Dale Hall, Managing Director of Research, Society of Actuaries, gave us a break-down on the relationship between mortality and longevity rates.

 

Ronald Klein: Thank you for attending The Geneva Association’s 16th Annual Global Ageing Conference here in Toronto, hosted by RGA, and for leading the session on ‘Competing Drivers to Longevity.’

For my first question, I’ll use your own analogy: you called opioids, diabetes and obesity the ‘Darth Vaders’ of the world, and they’re fighting against the ‘Jedi Knights’, the good guys … who’s going to win?

 

Dale Hall: I think insurers and reinsurers are looking for technology to help with winning that competition. It’s already starting to happen with cancer, if you look at all the positives there – new therapies, cancer genomics and drugs specifically for cancer are contributing to a decline in cancer deaths.
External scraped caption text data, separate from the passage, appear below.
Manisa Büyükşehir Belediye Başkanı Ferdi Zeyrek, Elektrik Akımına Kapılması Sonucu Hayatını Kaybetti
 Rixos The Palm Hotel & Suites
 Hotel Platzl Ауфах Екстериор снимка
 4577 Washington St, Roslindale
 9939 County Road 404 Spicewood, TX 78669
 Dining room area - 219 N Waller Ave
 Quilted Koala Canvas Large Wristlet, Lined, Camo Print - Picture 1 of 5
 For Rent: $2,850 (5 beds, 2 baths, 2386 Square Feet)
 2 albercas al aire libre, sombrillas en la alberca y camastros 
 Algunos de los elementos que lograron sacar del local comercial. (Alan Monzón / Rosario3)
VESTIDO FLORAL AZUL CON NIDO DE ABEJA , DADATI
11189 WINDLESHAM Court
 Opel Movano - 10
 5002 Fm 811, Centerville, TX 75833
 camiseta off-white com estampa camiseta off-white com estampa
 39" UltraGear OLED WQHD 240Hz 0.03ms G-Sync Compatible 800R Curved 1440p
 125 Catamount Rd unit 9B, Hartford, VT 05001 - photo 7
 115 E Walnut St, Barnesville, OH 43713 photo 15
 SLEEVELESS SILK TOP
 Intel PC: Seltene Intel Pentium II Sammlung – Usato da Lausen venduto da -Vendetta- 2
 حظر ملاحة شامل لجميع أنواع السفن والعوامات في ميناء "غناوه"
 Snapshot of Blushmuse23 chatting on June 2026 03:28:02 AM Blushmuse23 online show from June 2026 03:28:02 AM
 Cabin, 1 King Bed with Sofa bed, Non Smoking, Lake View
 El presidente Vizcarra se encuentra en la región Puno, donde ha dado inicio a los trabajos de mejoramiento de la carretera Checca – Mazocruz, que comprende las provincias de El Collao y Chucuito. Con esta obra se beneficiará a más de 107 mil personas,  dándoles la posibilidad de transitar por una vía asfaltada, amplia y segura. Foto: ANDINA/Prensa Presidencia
I think the insurance world is now saying that new technology or medicine can also be helpful with other causes of death that are unfortunately emerging in the U.S. population, like Alzheimer’s, dementia and diabetes. There’s some optimism that new treatments, genetic drugs or even physical treatments will produce mortality improvement related to these other causes of death as well.

 

Conference session on 'Competing Drivers to Longevity', moderated by Dale Hall

 

Ronald Klein: We saw graphs in your presentation showing that the rates of mortality, which were decreasing for a long time, are flattening out and even ticking up a little bit. Yet longevity is also increasing. How can mortality and longevity both be increasing?

 

Dale Hall: When you break down the data by year and by age you see that many different scenarios are possible:

Decreased mortality, increased life expectancy: In general, we went through this long period, from about 1999-2010, where mortality was improving at a pretty decent rate, and obviously life expectancies were increasing.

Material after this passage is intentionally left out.